Lear Corporation (NYSE:LEA)

At Insider Monkey, we track 450 of the world’s most elite hedge fund managers and our research has shown that over time, their picks routinely outperform.  For more than a decade in our back tests, hedge funds’ consensus small cap picks beat the market by 18 percentage points a year; learn more about this research here.

Furthermore, it’s also crucial to look at each of the funds we track individually, and by using the latest round of fourth quarter 13F data from the SEC, we can determine how these funds were preparing for 2013. Let’s take a look at Archer Capital.

Coming in at number one is Macquarie Infrastructure Company LLC (NYSE:MIC). Currently near $54 per share, the stock is trading at its high for the year, but could come under profit-taking pressure at this level.  Fundamentally, there are additional reasons why this stock is faltering. Macquarie Infrastructure Company LLC (NYSE:MIC)’s latest earnings report indicated a rather dramatic drop in net income (52%) from 2011, with a corresponding decline in EPS to $0.29. The stock is currently trading at 185 times trailing earnings versus a sector average of 30.0x, so it’s easy to see that this hedgie is focused on momentum—at least with Macquarie Infrastructure Company LLC (NYSE:MIC).

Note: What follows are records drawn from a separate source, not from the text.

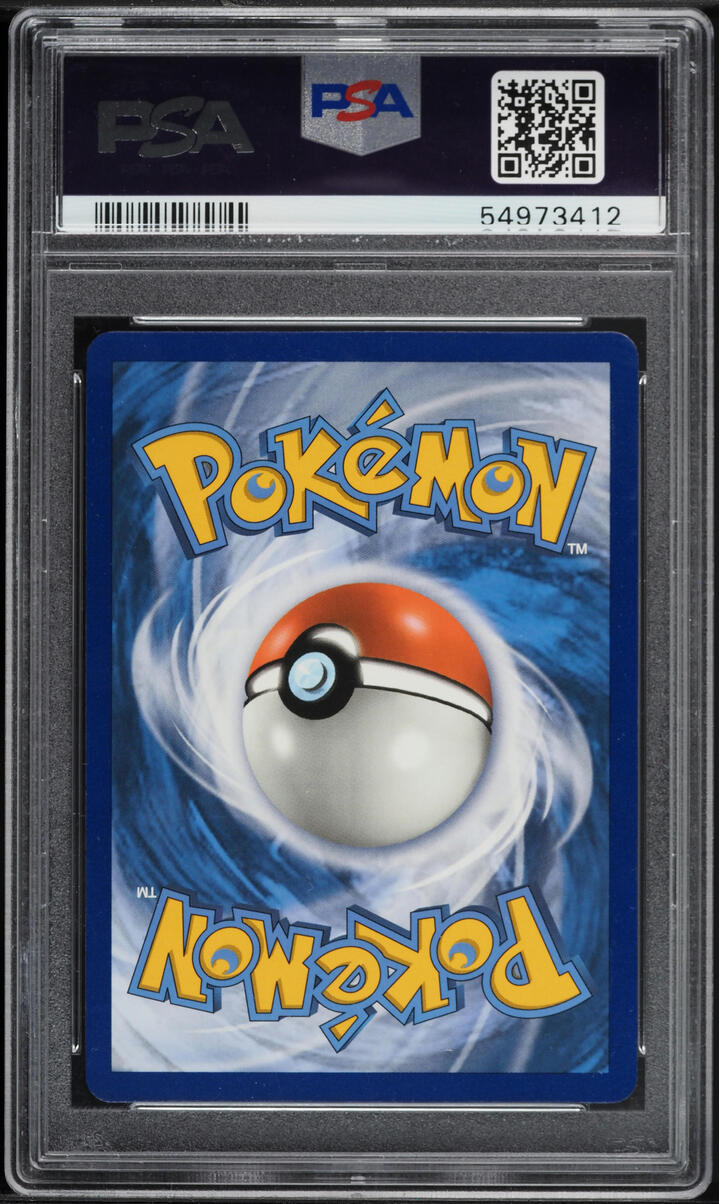 2019 POKEMON SUN & MOON SM HIDDEN FATES HOLO CHARMANDER #SV6 PSA 10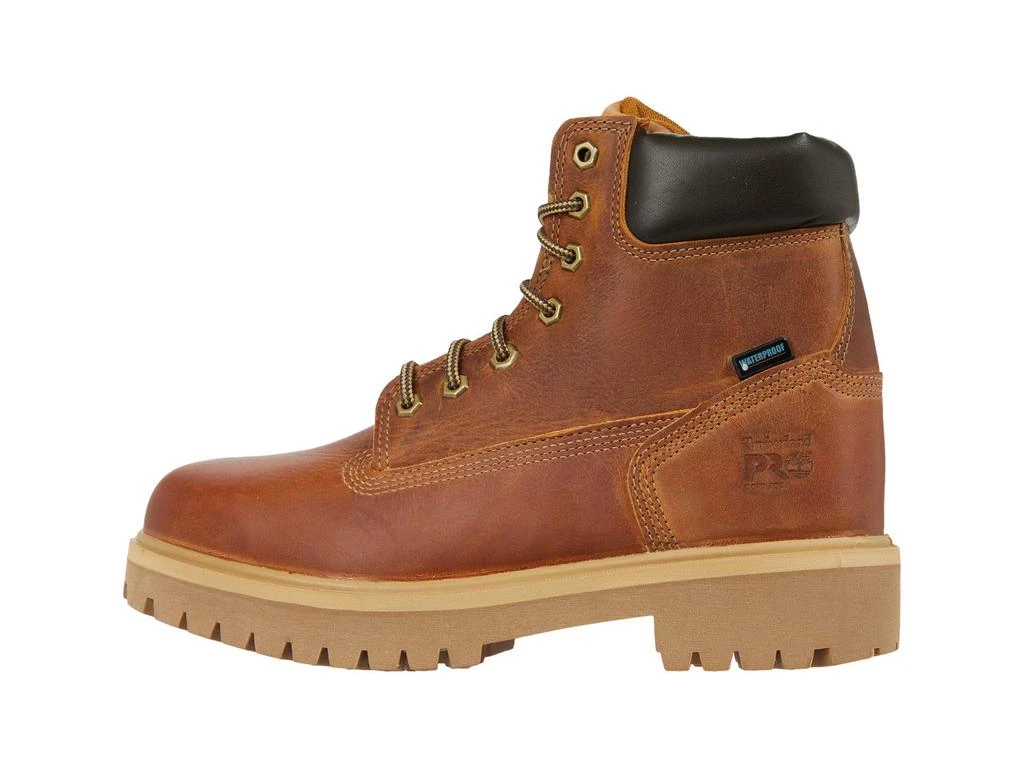 商品Timberland|Direct Attach 6" Soft Toe Waterproof Insulated,价格¥1283,第4张图片详细描述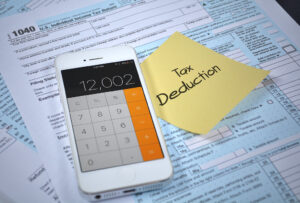 Can I get a tax deduction on business coaching expenses?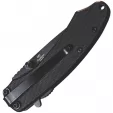 ABKT TAC Linerlock A-O knives AB067B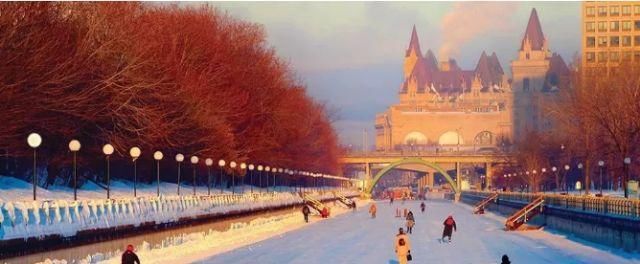 2018七大全球最热门的留学国家汇总!挑个最适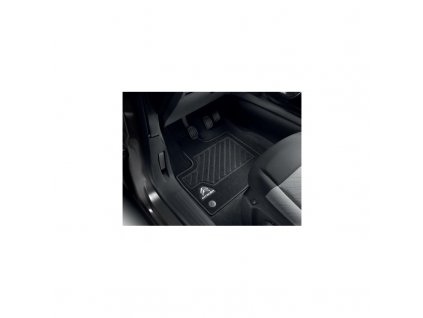 Citroën Berlingo (K9) Prošívané koberce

Moving on, at number two is Lear Corporation (NYSE:LEA), which supplies automotive seat systems as well as electrical distribution systems. The company, with a market cap of $5.3 billion, recently posted better-than-expected earnings, and has avoided a proxy fight with “activist investors” by agreeing to increase its share buyback program. Unfortunately, Lear Corporation (NYSE:LEA)’s stock price has been stuck in a sideways trend since early February at the $54 to $56 level. Once the stock can sustain a challenge to $55.80, a move to $62 should be unobstructed. Compared to its closest competitors, Johnson Controls, Inc. (NYSE:JCI) and Delphi Automotive PLC (NYSE:DLPH), Lear trades at 1.5 times book value, an average discount of over 60% to these peers.